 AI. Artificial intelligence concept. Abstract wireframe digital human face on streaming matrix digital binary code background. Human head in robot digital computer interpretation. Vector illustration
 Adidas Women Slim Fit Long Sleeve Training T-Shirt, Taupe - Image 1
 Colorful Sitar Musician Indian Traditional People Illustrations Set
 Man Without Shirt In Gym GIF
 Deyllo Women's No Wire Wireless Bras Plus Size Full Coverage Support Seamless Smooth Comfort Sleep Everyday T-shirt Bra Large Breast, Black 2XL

## [Aim of the task]
In full and word for word, restate the data.

## [The completed task]
 AI. Artificial intelligence concept. Abstract wireframe digital human face on streaming matrix digital binary code background. Human head in robot digital computer interpretation. Vector illustration
 Adidas Women Slim Fit Long Sleeve Training T-Shirt, Taupe - Image 1
 Colorful Sitar Musician Indian Traditional People Illustrations Set
 Man Without Shirt In Gym GIF
 Deyllo Women's No Wire Wireless Bras Plus Size Full Coverage Support Seamless Smooth Comfort Sleep Everyday T-shirt Bra Large Breast, Black 2XL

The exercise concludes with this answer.